- **TO DO**:
From the line that contains "Neon Dreamscape Forest iPhone Case" to the last line of the records below, copy everything exactly, both ends included.

- Opening Delimiter -

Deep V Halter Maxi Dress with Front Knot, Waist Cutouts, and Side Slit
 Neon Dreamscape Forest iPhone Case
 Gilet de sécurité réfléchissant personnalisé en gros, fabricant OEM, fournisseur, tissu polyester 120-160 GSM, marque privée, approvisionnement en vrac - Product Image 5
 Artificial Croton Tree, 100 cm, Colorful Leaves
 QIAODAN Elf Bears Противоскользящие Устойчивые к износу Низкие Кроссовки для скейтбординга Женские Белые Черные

- Closing Delimiter -

- **FINISHED EXERCISE**:
 Neon Dreamscape Forest iPhone Case
 Gilet de sécurité réfléchissant personnalisé en gros, fabricant OEM, fournisseur, tissu polyester 120-160 GSM, marque privée, approvisionnement en vrac - Product Image 5
 Artificial Croton Tree, 100 cm, Colorful Leaves
 QIAODAN Elf Bears Противоскользящие Устойчивые к износу Низкие Кроссовки для скейтбординга Женские Белые Черные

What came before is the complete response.